**EXERCISE**
Restate each record word for word, omitting whatever pictures it holds.
#### SUPPLIED DATA ####
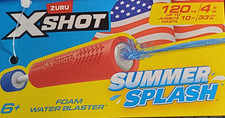 ZURU XSHOT Summer Splash Foam Water Blaster Squirt Toy 120 mL Age 6 MPN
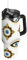 Amooorous Bohemian Blue Eyes - Botella de agua de boca ancha al vacío de 40 onzas con tapa y pajita, taza decorativa con asa para agua, té helado o café, vasos para 40 onzas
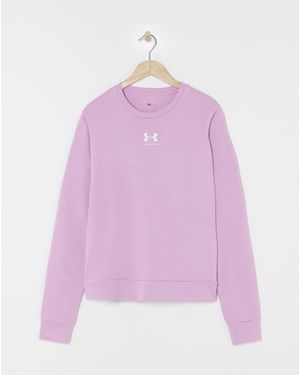 Under Armour Rival French Terry Crew - Purple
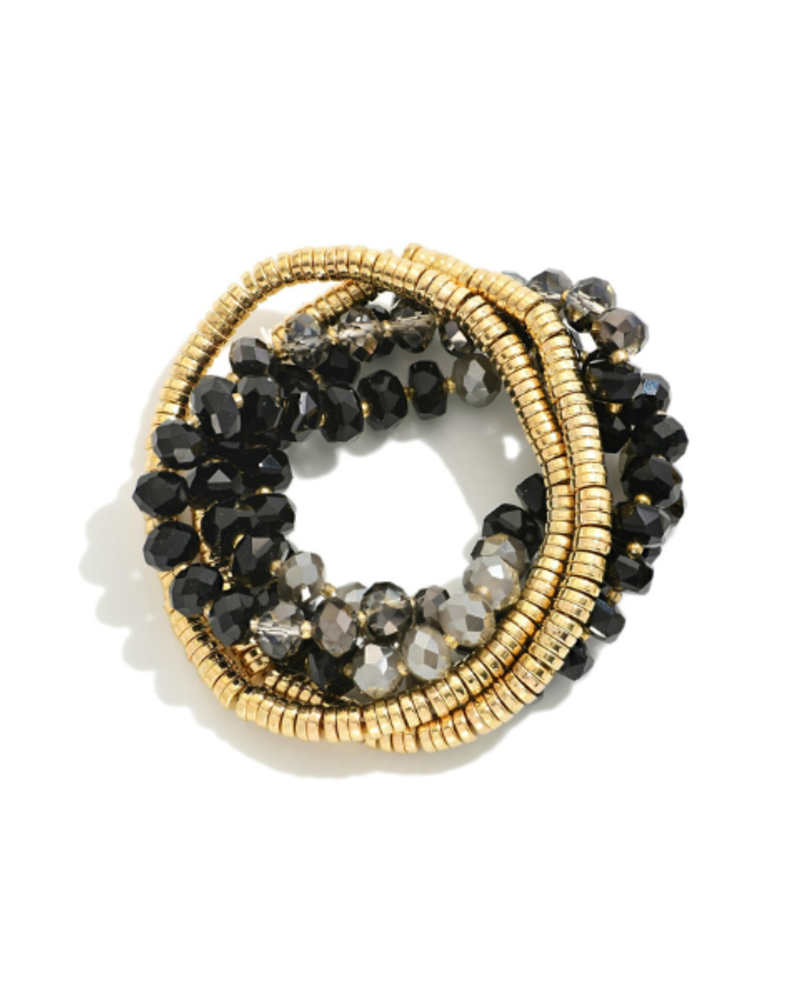 Set of 5 Multicolor Stretchy Bracelets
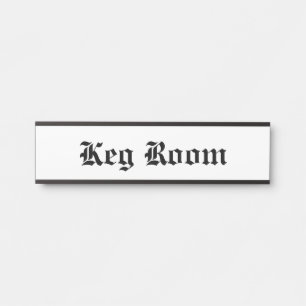Letrero Para Puerta Keg Room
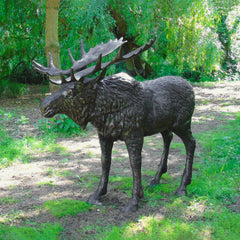 Fergus McArthur Bronze Effect Large Moose Garden Statue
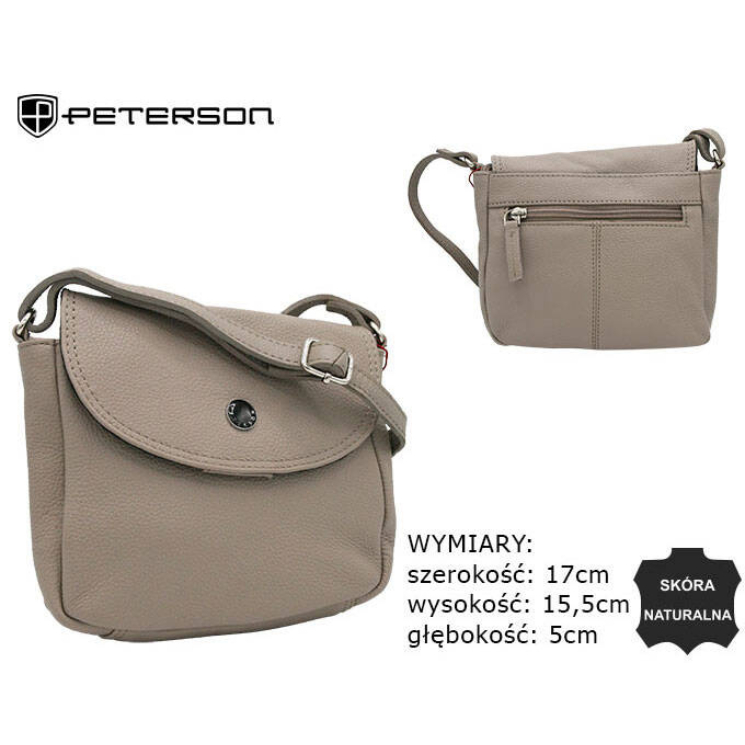 PETERSON bőrtáska PTN 17571-FTS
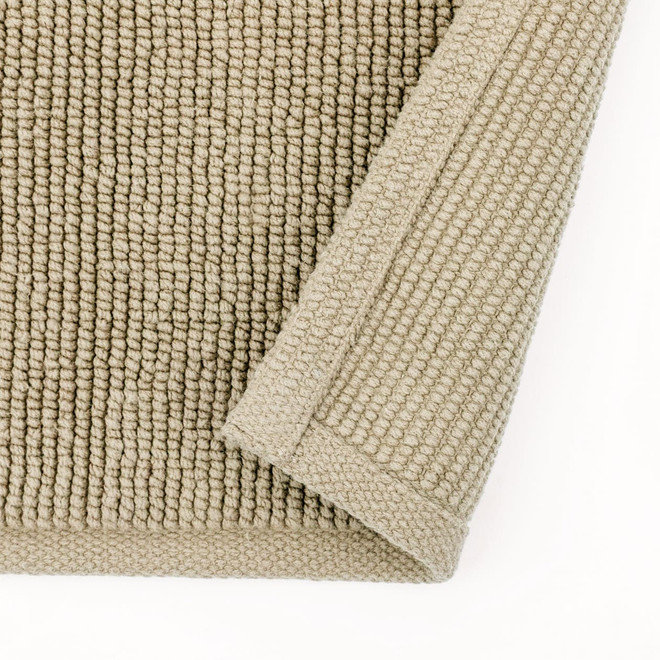 Tapis de bain en velours de coton bio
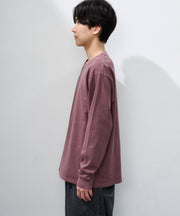 天竺ピグメント染めクルーネックL/S-T #JG056-52S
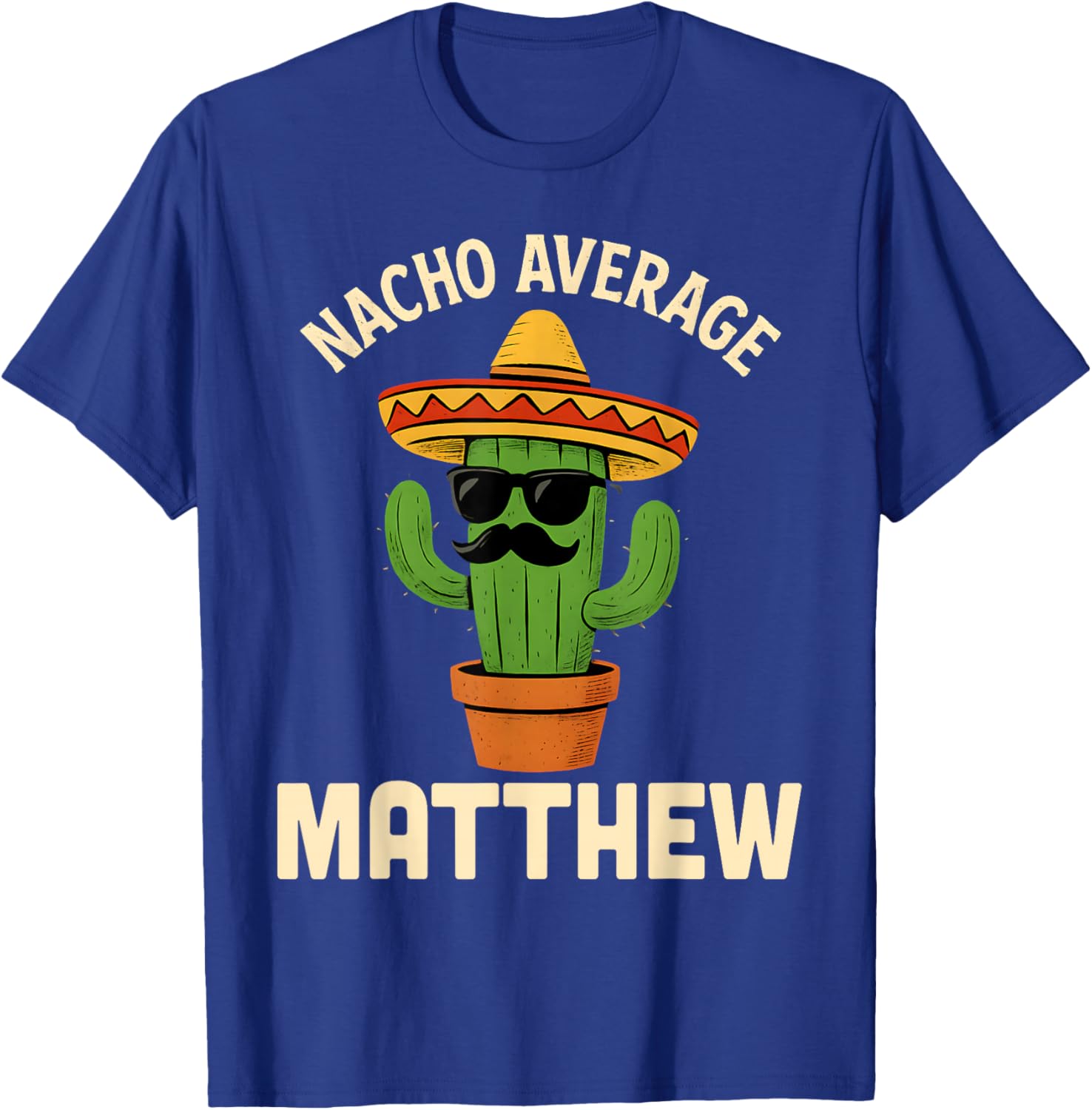 Matthew Gifts Birthday Funny Personalized Custom Name T-Shirt - T-Shirt | Royal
####
**RESPONSE BOX**
 ZURU XSHOT Summer Splash Foam Water Blaster Squirt Toy 120 mL Age 6 MPN
 Amooorous Bohemian Blue Eyes - Botella de agua de boca ancha al vacío de 40 onzas con tapa y pajita, taza decorativa con asa para agua, té helado o café, vasos para 40 onzas
 Under Armour Rival French Terry Crew - Purple
 Set of 5 Multicolor Stretchy Bracelets
Letrero Para Puerta Keg Room
 Fergus McArthur Bronze Effect Large Moose Garden Statue
 PETERSON bőrtáska PTN 17571-FTS
 Tapis de bain en velours de coton bio
 天竺ピグメント染めクルーネックL/S-T #JG056-52S
 Matthew Gifts Birthday Funny Personalized Custom Name T-Shirt - T-Shirt | Royal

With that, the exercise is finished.